Il campo italiano propone ai giovani (e meno giovani) cantanti lirici una prospettiva freelance. La Germania invece offre anche contratti di almeno un paio d'anni tanto per iniziare, la sicurezza di un'istituzione teatrale, i contributi pagati ecc. Da una parte quindi la sicurezza, dall'altra l'avventura e il sogno, da una parte un dignitoso stipendio statale, dall'altro cachet variabili.
Cos'è meglio? Non c'è una strada giusta e una sbagliata, ognuno deve porsi una serie di domande e capire che genere di via gli si addica di più; inoltre una strada non esclude per forza l'altra. Nel corso della mia vita ho visto molti amici trovare grandi ingaggi, poi mettersi al sicuro in un ensemble di un grande teatro e appoggiarsi a una forte agenzia di ambito europeo, per fare magari quel paio di produzioni fuori dal proprio teatro e mantenere così viva la propria fama internazionale.
Il “sacro quadrilatero” di lingua tedesca è costituito da Monaco di Baviera, Berlino, Vienna e Zurigo. Ovviamente parlo dei teatri più importanti, i tre Staatsoper e l'Opernhaus.
LA LINGUA
La prima cosa che dovrebbe essere basilare per poter pensare di andare a lavorare in Germania in un ensemble come solista è la conoscenza della lingua tedesca. Se non una padronanza completa dell'idioma, bisogna avere comunque una certa infarinatura, un livello tale di padronanza, insomma, che possa consentirvi di lavorare in teatro senza creare disagi ai colleghi e ai direttori.Se per un caso fortuito venite selezionati a un'audizione nonostante non avete ancora conoscenza della lingua tedesca, è sicuramente appropriato che impariate a parlarla un po' per l'inizio del vostro contratto. Apprendere il tedesco prima di cominciare la vostra avventura professionale denoterà il grado di serietà nei confronti dell'incarico ottenuto e del teatro che vi ha ingaggiato.
FACH
Questo termine tedesco – che significa letteralmente “scompartimento” – designa un sistema di categorizzazione delle voci per il teatro lirico in base alla loro ampiezza, alla loro tessitura e al loro colore timbrico.
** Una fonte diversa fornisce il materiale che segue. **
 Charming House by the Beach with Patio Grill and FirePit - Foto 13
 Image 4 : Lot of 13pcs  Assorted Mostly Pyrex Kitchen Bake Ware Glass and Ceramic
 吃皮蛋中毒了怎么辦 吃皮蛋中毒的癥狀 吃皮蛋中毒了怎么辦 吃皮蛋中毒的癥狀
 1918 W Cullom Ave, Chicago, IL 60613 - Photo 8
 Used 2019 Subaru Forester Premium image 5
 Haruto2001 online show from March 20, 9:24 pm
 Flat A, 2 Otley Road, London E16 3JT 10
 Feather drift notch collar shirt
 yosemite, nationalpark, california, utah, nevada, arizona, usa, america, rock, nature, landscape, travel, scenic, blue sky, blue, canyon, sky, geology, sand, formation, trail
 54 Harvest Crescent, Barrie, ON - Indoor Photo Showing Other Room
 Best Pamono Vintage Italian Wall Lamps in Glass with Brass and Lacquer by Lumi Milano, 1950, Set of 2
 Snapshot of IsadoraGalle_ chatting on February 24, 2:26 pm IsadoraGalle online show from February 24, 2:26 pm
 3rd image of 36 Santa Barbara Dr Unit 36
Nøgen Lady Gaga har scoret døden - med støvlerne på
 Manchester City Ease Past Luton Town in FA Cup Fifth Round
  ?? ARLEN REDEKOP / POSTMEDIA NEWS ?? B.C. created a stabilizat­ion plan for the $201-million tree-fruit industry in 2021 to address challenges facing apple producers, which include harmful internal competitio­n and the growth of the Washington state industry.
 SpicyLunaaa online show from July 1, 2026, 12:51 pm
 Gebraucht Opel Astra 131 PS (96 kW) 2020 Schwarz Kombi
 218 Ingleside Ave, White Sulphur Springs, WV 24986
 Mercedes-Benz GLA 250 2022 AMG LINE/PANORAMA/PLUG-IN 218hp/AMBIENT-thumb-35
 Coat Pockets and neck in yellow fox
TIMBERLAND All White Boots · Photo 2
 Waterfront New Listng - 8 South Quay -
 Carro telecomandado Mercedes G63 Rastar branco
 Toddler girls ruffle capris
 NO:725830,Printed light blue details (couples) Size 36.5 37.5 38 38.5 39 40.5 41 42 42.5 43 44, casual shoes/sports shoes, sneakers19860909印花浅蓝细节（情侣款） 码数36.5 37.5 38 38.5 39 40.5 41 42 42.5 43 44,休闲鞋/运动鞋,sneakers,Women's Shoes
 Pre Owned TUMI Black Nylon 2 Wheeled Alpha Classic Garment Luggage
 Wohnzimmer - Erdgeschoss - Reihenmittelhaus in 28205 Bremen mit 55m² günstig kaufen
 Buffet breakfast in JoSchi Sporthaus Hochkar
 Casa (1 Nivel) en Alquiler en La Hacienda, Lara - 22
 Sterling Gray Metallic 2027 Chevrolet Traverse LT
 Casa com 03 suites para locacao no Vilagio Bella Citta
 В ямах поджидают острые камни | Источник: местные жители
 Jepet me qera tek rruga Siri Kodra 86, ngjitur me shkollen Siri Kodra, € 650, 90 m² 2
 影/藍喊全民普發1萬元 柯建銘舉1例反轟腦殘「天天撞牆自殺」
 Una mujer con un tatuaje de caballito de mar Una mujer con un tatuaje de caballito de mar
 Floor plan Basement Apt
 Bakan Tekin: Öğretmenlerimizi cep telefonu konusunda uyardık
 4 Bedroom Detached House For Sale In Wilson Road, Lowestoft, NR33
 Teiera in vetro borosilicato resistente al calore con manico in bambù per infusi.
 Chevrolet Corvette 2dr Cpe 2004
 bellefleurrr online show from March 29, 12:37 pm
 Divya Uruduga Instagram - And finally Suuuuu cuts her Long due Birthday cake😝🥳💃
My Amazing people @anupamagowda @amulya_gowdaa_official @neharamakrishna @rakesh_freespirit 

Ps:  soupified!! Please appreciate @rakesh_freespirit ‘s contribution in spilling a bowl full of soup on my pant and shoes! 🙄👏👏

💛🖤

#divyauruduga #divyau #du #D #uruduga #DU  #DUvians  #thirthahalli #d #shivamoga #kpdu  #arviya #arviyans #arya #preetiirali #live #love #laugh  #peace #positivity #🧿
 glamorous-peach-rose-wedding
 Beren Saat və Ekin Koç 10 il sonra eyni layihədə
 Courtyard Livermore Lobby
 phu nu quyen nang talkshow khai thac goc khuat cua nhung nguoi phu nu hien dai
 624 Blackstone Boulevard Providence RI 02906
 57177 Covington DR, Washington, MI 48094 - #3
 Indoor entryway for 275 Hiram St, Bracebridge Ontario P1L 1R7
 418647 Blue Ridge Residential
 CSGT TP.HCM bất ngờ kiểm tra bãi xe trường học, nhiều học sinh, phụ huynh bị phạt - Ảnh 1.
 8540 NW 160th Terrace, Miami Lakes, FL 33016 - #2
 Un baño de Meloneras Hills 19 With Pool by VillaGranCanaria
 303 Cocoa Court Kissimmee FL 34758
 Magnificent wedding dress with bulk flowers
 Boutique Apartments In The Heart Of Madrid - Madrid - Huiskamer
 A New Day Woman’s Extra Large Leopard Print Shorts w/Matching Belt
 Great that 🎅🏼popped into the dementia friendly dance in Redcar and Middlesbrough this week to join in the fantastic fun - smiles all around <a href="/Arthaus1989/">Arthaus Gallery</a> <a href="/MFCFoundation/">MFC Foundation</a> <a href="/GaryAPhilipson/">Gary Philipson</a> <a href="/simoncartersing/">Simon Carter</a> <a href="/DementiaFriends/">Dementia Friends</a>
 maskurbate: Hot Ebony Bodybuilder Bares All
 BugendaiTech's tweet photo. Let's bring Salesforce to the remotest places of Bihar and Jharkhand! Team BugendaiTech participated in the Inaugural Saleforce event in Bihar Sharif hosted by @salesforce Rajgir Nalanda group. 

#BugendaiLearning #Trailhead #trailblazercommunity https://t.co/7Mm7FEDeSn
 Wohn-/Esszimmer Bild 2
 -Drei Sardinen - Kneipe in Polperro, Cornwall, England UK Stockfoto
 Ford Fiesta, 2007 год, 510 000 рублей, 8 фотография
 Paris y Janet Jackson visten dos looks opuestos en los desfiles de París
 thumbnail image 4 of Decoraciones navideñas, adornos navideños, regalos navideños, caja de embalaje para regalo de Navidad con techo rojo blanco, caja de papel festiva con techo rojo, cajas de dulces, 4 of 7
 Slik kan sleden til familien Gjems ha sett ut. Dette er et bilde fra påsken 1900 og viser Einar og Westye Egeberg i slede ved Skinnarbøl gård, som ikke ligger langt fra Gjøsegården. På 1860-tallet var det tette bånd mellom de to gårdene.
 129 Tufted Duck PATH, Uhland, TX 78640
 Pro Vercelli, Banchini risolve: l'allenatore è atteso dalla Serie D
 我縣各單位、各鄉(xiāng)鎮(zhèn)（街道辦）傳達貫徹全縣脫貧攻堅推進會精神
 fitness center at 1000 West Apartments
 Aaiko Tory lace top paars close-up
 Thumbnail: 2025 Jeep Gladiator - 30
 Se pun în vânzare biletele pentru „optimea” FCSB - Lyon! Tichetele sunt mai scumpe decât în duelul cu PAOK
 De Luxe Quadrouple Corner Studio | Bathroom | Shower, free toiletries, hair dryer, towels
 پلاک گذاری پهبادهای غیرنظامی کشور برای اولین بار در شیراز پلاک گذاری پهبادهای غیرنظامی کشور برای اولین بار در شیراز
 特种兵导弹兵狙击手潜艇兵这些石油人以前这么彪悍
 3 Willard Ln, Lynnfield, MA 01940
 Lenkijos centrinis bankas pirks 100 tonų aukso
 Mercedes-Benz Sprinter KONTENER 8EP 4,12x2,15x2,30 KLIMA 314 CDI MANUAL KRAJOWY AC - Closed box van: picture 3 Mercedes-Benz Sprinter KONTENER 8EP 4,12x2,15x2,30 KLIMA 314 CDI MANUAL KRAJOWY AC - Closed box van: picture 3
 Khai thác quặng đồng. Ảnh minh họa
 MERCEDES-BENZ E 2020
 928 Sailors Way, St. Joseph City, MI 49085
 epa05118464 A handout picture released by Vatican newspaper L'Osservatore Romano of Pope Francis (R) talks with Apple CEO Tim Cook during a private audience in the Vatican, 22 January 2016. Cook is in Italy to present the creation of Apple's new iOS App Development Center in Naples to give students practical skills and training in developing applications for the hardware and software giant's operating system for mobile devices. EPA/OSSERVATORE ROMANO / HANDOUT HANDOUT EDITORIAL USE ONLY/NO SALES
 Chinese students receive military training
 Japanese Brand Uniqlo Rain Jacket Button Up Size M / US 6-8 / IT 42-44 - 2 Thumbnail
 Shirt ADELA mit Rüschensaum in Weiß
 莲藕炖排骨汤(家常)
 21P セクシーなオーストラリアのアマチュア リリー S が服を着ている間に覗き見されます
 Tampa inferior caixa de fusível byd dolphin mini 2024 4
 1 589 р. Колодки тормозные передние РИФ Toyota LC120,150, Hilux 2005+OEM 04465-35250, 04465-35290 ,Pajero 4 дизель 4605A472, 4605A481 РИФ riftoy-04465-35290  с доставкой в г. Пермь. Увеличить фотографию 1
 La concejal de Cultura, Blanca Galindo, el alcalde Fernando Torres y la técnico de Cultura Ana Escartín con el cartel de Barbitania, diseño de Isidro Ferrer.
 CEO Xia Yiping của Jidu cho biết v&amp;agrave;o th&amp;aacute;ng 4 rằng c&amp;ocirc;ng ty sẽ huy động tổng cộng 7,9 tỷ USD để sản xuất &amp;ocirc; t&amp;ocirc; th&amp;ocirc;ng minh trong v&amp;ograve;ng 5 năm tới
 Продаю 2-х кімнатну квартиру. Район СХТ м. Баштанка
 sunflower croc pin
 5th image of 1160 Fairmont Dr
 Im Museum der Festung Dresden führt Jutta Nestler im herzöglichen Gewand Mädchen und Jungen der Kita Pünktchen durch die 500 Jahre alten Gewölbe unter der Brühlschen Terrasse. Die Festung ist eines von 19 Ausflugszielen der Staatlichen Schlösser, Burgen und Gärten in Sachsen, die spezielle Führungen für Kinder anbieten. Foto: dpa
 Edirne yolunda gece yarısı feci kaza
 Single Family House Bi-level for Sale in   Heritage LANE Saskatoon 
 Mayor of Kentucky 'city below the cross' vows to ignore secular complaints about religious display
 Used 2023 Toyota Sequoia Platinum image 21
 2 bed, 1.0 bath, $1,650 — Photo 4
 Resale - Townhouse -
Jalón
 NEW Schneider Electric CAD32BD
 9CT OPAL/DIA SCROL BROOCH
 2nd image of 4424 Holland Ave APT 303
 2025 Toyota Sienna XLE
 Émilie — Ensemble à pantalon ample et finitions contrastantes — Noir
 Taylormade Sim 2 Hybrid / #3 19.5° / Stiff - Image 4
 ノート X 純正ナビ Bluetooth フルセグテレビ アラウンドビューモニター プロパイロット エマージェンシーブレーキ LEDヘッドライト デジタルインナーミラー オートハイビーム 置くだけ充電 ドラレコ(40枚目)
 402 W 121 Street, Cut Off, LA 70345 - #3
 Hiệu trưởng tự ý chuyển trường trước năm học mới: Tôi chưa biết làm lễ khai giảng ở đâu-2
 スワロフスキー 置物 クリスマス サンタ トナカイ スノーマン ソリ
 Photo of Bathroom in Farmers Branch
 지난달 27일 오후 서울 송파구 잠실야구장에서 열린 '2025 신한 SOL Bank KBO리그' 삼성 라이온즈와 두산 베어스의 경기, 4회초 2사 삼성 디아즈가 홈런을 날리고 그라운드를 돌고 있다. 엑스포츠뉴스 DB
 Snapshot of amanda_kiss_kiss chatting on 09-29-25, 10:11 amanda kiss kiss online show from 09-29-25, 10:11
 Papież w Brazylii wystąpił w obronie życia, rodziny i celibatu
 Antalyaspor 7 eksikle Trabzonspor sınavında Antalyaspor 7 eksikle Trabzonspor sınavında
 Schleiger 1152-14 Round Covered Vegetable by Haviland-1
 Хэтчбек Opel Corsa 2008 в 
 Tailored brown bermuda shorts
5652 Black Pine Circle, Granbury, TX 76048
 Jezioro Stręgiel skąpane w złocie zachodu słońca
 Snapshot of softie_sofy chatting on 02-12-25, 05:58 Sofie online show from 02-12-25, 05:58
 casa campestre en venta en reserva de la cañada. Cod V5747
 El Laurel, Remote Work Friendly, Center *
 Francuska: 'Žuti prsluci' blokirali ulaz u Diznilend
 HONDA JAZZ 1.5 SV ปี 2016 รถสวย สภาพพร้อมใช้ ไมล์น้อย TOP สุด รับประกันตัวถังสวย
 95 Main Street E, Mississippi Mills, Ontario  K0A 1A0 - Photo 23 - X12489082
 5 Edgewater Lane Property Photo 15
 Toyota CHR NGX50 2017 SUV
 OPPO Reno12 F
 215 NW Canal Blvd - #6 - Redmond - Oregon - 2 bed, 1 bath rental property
È utilizzato in tutto il mondo ma a usufruirne maggiormente è l'ambiente tedesco. Diciamo che è una sorta di convenzione utile sia per i teatri sia per i cantanti stessi: in primo luogo, rende più facile il lavoro del casting degli ensemble e rende maggiormente fluida la decisione dei titoli nelle programmazione; d'altra parte, tutela i cantanti che, senza un'”etichetta” ufficiale della loro categoria vocale, sarebbero costretti a cantare di tutto. Ovviamente non è possibile chiedere, faccio per dire, a un tenore di cantare nel ruolo di Nemorino come primo titolo della stagione e poi chiedergli di fare Otello (ovviamente porto un esempio esageratissimo, ma è per rendere l'idea).
È una categorizzazione rigida, ma che vede anche alcuni ruoli appartenere a più Fach, ciononostante, molti cantanti non si trovano assolutamente comodi con questo metodo. Ciò può dipendere dalla propria natura vocale: ovviamente, trattandosi di una categorizzazione, si va incontro ad alcuni disagi, ma allo stesso tempo, come accennavo sopra, si rivela un metodo di tutela della propria salute vocale. Una guida, che è per così dire la Bibbia sull'argomento, è l'Handbuch der Oper, scritto da Rudolf Kloiber, Wulf Konold e Robert Maschka.